Un livre du général Soubelet fait des vagues au sein de la Gendarmerie
« Tout ce qu’il ne faut pas dire« . Le titre que le général de gendarmerie Bertrand Soubelet a donné à son livre, disponible en librairie à partir du 24 mars, donne le ton. Et si on n’en est pas encore convaincu, il suffit de lire la notice de l’éditeur (Plon).
« Moi, Bertrand Soubelet, général de corps d’armée, directeur des Opérations et de l’Emploi de la gendarmerie, j’ai été écarté pour avoir dit la vérité : la sécurité dans notre pays n’est pas assurée comme elle le devrait », y est-il écrit.

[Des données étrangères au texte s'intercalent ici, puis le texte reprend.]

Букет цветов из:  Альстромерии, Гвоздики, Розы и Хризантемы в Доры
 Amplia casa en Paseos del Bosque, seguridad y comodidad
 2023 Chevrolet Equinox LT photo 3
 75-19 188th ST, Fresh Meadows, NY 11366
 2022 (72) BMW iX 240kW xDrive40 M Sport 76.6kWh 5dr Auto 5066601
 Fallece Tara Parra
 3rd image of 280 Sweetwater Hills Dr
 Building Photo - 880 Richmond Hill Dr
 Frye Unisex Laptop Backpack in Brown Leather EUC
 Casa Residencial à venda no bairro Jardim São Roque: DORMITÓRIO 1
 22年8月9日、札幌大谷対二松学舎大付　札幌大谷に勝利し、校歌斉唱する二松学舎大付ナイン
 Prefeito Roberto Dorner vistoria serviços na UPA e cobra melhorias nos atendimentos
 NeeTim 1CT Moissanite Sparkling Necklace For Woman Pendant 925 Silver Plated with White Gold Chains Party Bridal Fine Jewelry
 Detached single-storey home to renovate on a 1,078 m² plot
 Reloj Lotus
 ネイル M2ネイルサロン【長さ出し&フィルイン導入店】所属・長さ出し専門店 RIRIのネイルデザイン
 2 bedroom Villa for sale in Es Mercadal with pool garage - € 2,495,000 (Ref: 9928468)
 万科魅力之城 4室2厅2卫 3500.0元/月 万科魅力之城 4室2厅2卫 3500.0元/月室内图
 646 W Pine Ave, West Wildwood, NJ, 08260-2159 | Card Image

En décembre 2013, le général Soubelet, alors numéro trois de la Gendarmerie nationale, avait défrayé la chronique en tenant des propos sans langue de bois lors d’une audition dans le cadre de la mission d’information relative à la lutte contre l’insécurité sur tout le territoire lancée par la Commission des lois de l’Assemblée nationale.
« Les gendarmes sont inquiets car on prend plus soin des auteurs (d’actes délictueux) que des victimes », avait-il déploré. Et d’insister : « les auteurs d’atteintes aux biens (cambriolages, vols…), les plus importantes numériquement, bénéficient d’un traitement pénal qui leur permet de continuer à exercer leurs activités ».
Quelques mois plus tôt, lors d’une session du Conseil de la fonction militaire de la gendarmerie (CFMG), le général Soubelet avait tenu des propos également remarqués. « Nous ne pouvons pas dire à nos subordonnées qu’avec nos moyens actuels, nous pouvons être meilleurs (…) Nous le ferons différemment mais certainement pas mieux. (…) La seule possibilité serait de tirer sur la ‘couenne’ des personnels, au risque de mettre en déséquilibre leur santé », avait-il lancé.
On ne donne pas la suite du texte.